EX-99.1 2 tm2428382d1_ex99-1.htm EXHIBIT 99.1

 

Exhibit 99.1

 

To: Directors and Executive Officers of O-I Glass, Inc.
Date: November 14, 2024
RE: Sarbanes-Oxley Blackout Notice

 

O-I Glass, Inc. (the “Company”) maintains two 401(k) plans that allow plan participants to invest in the Company’s common stock. These plans are the Eighth Amended and Restated Owens-Illinois Stock Purchase and Savings Plan and the Seventh Amended and Restated Owens-Illinois Long Term Savings Plan (together, the “Plans”). These plans are tax-qualified retirement plans.

 

The third-party record keeper of the Plans is transitioning from John Hancock to Fidelity.
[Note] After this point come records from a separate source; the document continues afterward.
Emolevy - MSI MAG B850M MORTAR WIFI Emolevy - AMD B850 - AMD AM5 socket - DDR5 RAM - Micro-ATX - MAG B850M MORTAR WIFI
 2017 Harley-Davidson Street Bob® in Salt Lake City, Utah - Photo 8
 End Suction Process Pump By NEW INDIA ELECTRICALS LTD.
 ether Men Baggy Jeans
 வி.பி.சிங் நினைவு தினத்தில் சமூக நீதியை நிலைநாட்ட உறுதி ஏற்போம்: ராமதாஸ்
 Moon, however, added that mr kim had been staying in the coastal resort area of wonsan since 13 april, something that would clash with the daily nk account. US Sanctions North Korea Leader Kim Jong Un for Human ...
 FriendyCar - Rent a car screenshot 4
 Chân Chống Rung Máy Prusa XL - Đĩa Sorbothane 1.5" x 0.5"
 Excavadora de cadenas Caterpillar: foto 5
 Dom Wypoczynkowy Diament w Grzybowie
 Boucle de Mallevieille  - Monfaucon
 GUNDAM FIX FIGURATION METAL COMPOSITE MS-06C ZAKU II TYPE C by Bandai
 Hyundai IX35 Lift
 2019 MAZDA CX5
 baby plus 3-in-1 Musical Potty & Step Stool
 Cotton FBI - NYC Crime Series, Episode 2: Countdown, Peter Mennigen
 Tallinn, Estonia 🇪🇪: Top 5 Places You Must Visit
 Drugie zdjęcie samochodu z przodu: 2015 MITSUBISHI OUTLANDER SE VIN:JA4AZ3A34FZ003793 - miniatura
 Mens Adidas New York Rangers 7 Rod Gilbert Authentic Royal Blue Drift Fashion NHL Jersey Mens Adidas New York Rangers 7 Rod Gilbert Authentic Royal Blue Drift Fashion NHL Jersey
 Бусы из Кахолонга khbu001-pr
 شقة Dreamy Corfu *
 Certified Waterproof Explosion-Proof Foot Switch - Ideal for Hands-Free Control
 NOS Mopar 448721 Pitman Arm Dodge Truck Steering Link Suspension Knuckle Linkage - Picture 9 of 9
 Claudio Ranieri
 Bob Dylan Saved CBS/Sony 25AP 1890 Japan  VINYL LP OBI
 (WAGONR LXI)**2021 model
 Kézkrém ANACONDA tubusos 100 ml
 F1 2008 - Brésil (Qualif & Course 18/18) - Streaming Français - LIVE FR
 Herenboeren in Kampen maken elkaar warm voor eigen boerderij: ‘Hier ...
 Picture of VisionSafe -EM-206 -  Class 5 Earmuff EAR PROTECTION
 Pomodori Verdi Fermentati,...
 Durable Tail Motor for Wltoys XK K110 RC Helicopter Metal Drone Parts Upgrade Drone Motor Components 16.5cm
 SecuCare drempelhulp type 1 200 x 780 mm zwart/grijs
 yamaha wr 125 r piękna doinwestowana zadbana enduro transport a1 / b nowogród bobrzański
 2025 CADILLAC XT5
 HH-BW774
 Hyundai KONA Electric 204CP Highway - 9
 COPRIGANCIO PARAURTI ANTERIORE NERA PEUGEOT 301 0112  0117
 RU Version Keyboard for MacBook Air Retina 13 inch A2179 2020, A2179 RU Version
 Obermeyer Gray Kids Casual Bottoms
In connection with this transition, there will be a “blackout period” starting December 23, 2024 and expected to end the week of January 19, 2025 during which participants in the Plans will not be able to make certain changes with respect to their accounts under the Plans, including directing investment changes, making changes to their contribution rates, and requesting loans or distributions.

 

Section 306(a) of the Sarbanes-Oxley Act of 2002 and SEC rules thereunder prohibit a company’s directors and executive officers from engaging in transactions in the company’s equity securities during a “pension plan blackout period.” The blackout period relating to the Plans described above triggers the foregoing prohibition. Accordingly, during the blackout period for the Plans, you may not, directly or indirectly, purchase, sell or otherwise acquire or transfer any Company equity security (or any derivatives of a Company equity security), which you acquired in connection with your service and/or employment with the Company in such capacities, subject to certain limited exceptions.